Collected data entries
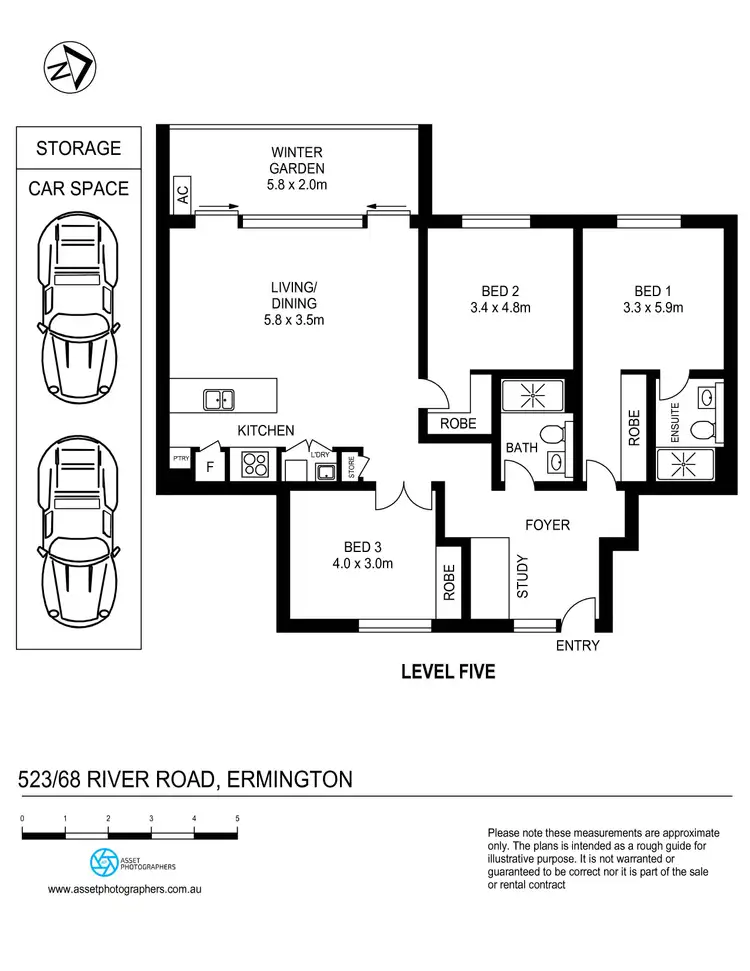 Floorplan of Homely apartment listing, 523/68 River Road, Ermington NSW 2115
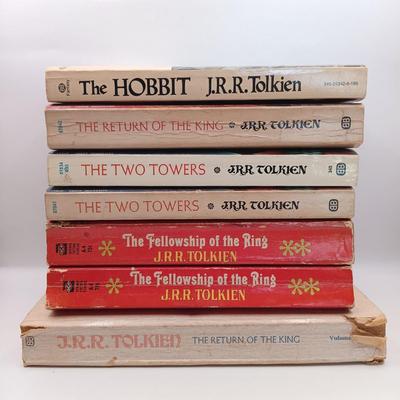 LOT 22: A Collection of Tolkein- (2) Ace Edition's of The Fellowship of the Rings, Ballantine Books 1976 The Hobbit & More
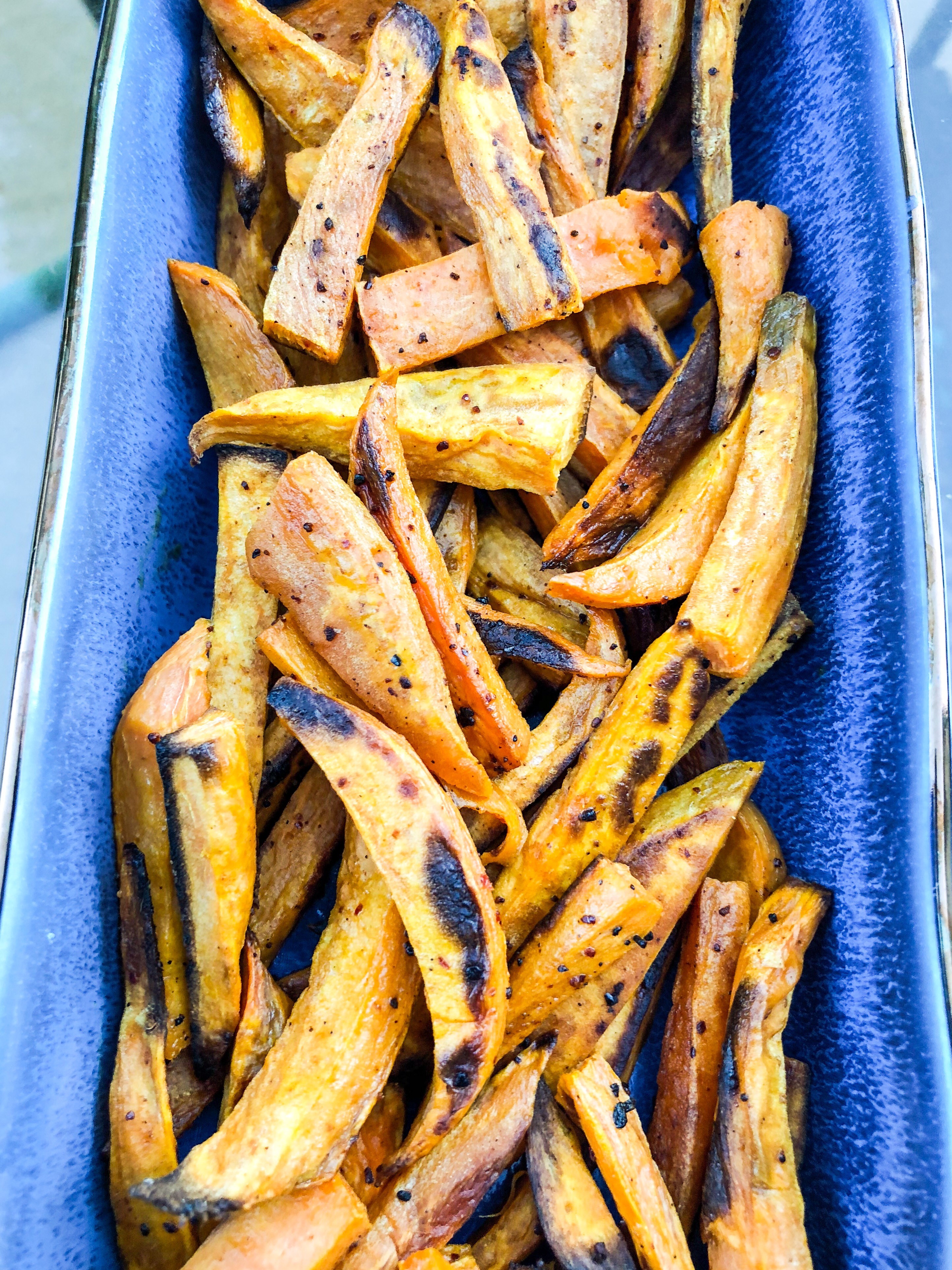 3 ingredient Oven Baked Healthy Sweet Potato Fries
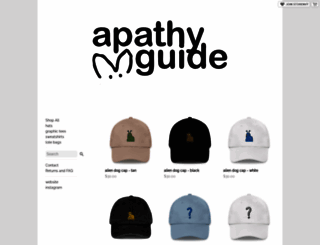 apathyguide.storenvy.com screenshot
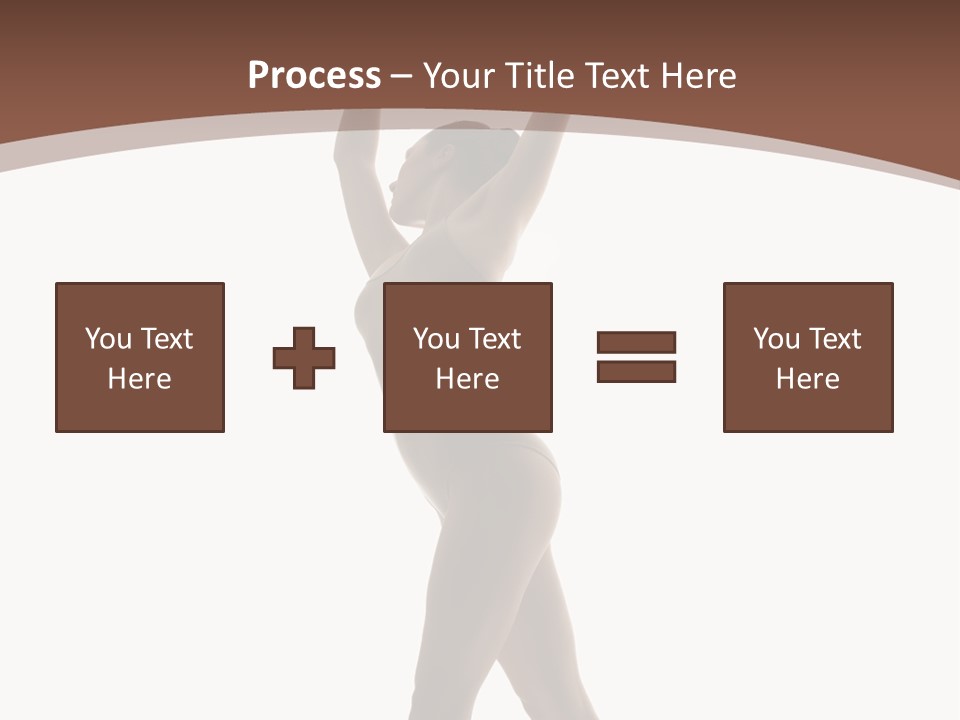 Woman Exercising Pose PowerPoint Template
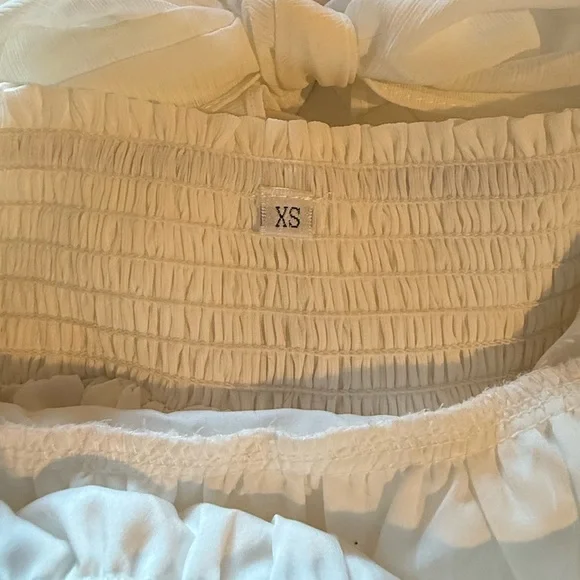 White XS Mini Dress - Picture 4 of 6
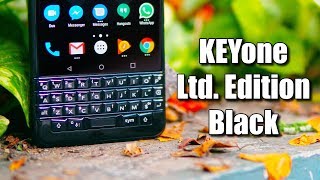 Blackberry KEYone Limited Edition Black Review  QWERTY Goodness [upl. by Saraiya575]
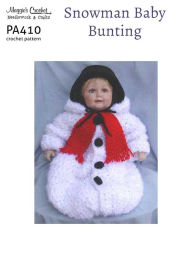 Title: PA410-R Snowman Bunting Crochet Pattern, Author: MAggie Weldon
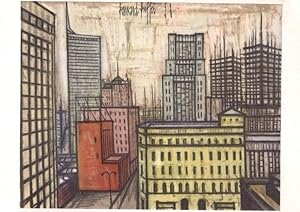 Bernard Buffet Dallas 1958 Painting Postcard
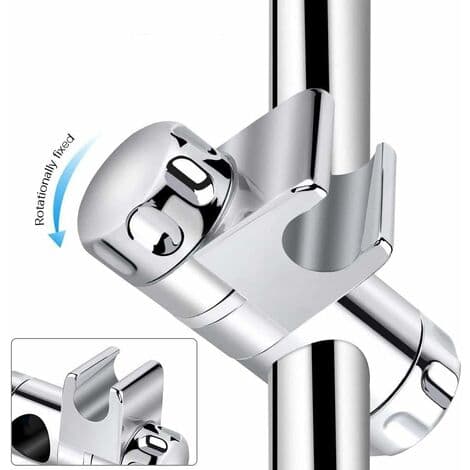 Bruserholder, universel justerbar håndholdt brusehovedholder, fast brusehoved, 25 mm ABS justerbar glidestang Fl-FO-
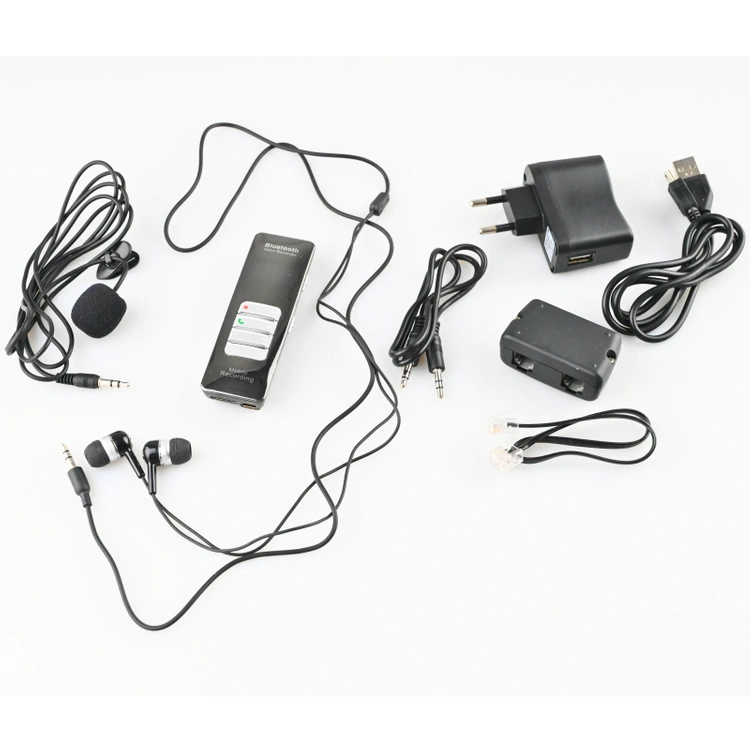 Szpiegowski Dyktafon Cyfrowy Bluetooth DVR-188 aktywacja głosowa Bluetooth 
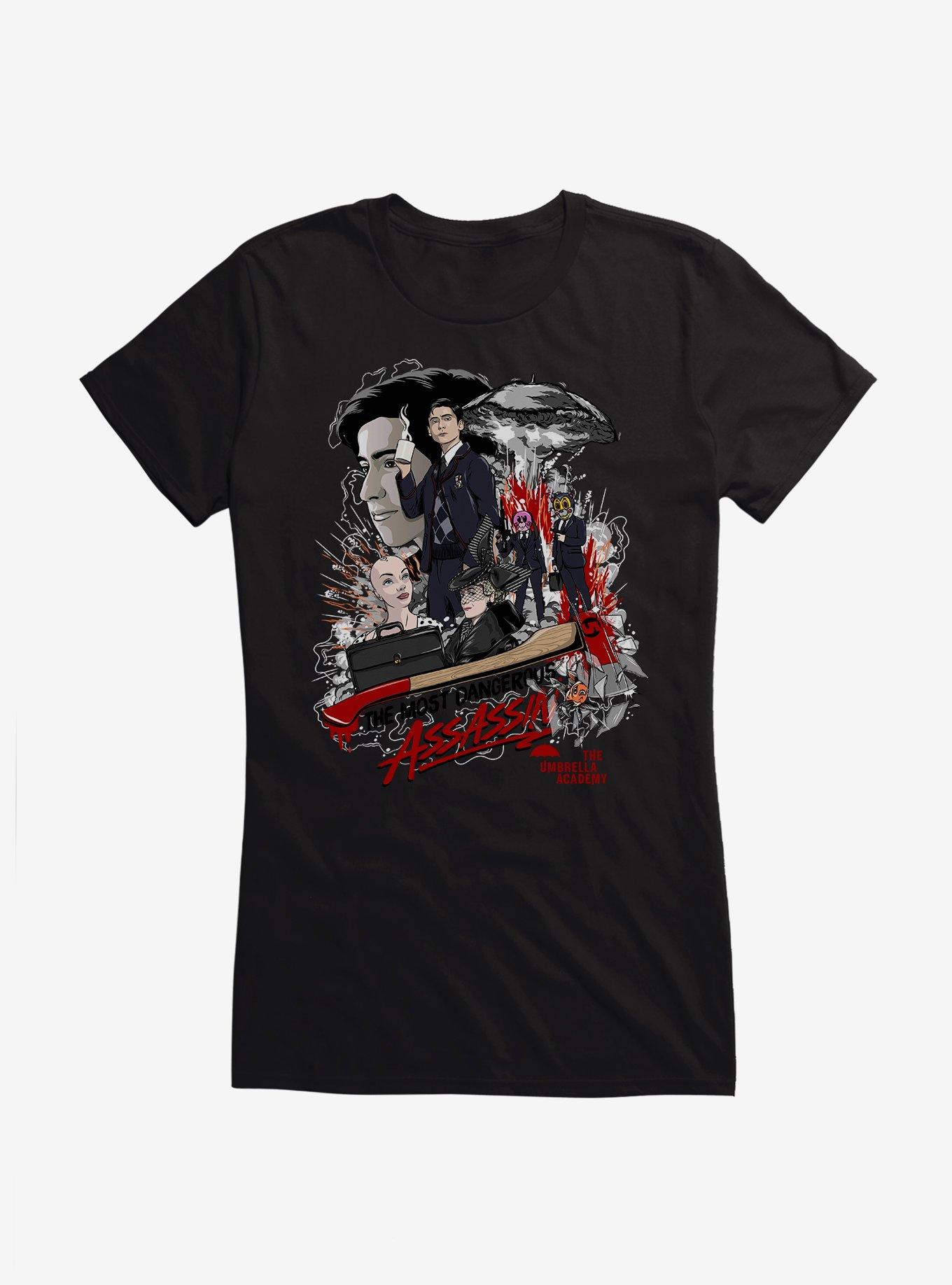 The Umbrella Academy The Most Dangerous Assassin Girls T-Shirt, , hi-res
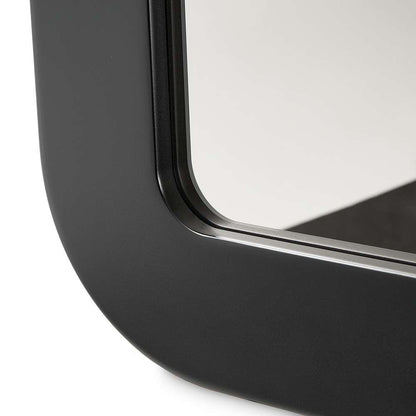 AICO by Michael Amini - Lisbon Wall Mirror - Silken Matte Black - LFR-LSBN260-826 veiw 4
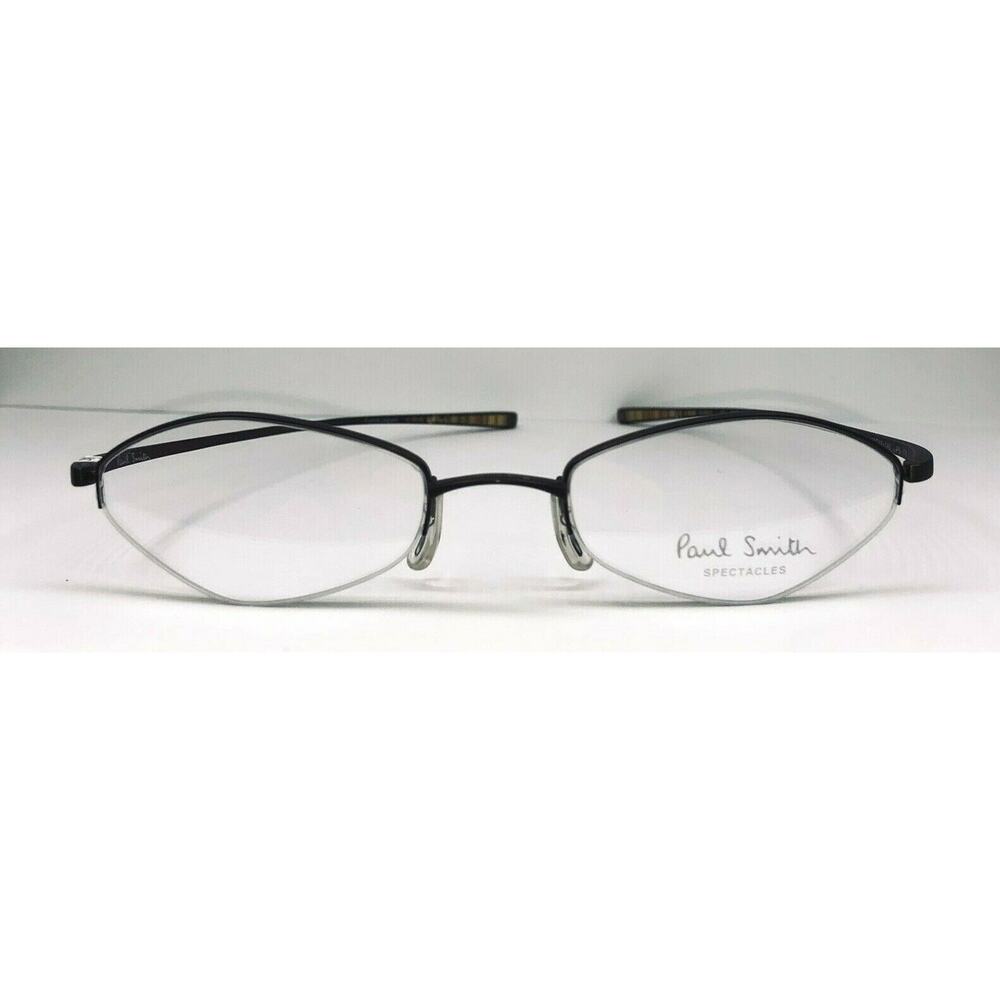 Paul Smith 179 Bronze Unisex Metal Half Rim Eyeglass Frames Made in Japan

> Instructions to follow
Please set down each entry word for word, without its images.

> Written solution
 Floorplan of Homely apartment listing, 523/68 River Road, Ermington NSW 2115
 LOT 22: A Collection of Tolkein- (2) Ace Edition's of The Fellowship of the Rings, Ballantine Books 1976 The Hobbit & More
 3 ingredient Oven Baked Healthy Sweet Potato Fries
 apathyguide.storenvy.com screenshot
 Woman Exercising Pose PowerPoint Template
 White XS Mini Dress - Picture 4 of 6
 Blackberry KEYone Limited Edition Black Review  QWERTY Goodness [upl. by Saraiya575]
 Title: PA410-R Snowman Bunting Crochet Pattern, Author: MAggie Weldon
 Bernard Buffet Dallas 1958 Painting Postcard
 Bruserholder, universel justerbar håndholdt brusehovedholder, fast brusehoved, 25 mm ABS justerbar glidestang Fl-FO-
 Szpiegowski Dyktafon Cyfrowy Bluetooth DVR-188 aktywacja głosowa Bluetooth 
 The Umbrella Academy The Most Dangerous Assassin Girls T-Shirt, , hi-res
 AICO by Michael Amini - Lisbon Wall Mirror - Silken Matte Black - LFR-LSBN260-826 veiw 4
 Paul Smith 179 Bronze Unisex Metal Half Rim Eyeglass Frames Made in Japan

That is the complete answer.